# Manument Leva



## Zeak (Jun 12, 2017)

This has been mentioned in a few threads when it was presented earlier this year but they've finally announced the price (8k EUR) and released press photos (sick). Selling in the DACH region of Europe now.

Lovely machine.

https://manument.com/en/manument-leva-machine


----------



## MediumRoastSteam (Jul 7, 2015)

That does look good. €8k... Imagine how many Pavonis you can buy.... LOL


----------



## Missy (Mar 9, 2016)

That is frankly hideous. It looks like a weird syringe interbred with a microscope. It's also got a rather "masculine" Look .

Ignoring the looks, what does it do?


----------



## Drewster (Dec 1, 2013)

I'm not sure if I'll be a tiny minority (or not) but......

That looks FUGLY... like a tacky 1970's view of "futuristic"

and as to 8K :-O

Having just seen Missy's quote - I am obviously not entirely alone!


----------



## M_H_S (Jun 6, 2018)

I guess its like marmite. I happen to love the design. But what a hideous price! If you make something new and amazing surely you want as many people to use it as possible.
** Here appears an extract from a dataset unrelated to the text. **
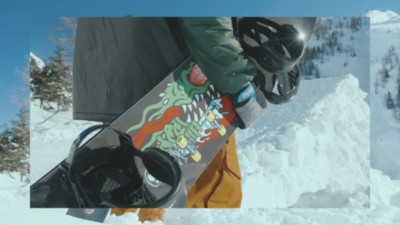 Bataleon E-Stroyer Attacco Snowboard Uomo Black: Performance e Stile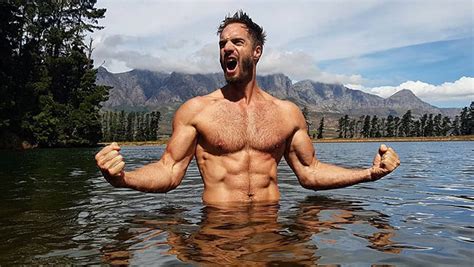 10 pictures that prove marc buckner can do anything shirtless and do a damn good job at it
In terms of functionality I believe it has a valve which allows you to control the release of the pressure from the spring. Manually profiling via a dial basically.

While no one has one, has anyone tasted the results at a coffee festival?

Sent from my GT-I9505 using Tapatalk


----------



## MediumRoastSteam (Jul 7, 2015)

Missy said:


> It's also got a rather "masculine" Look


 Now that I look with different goggles... OMG! 🍭


----------



## DavecUK (Aug 6, 2013)

Missy said:


> That is frankly hideous. It looks like a weird syringe interbred with a microscope. It's also got a rather "masculine" Look   .
> 
> Ignoring the looks, what does it do?


 It makes someone who is not able to achieve an elevation of espresso to "manumental" heights, capable of impressing their friends.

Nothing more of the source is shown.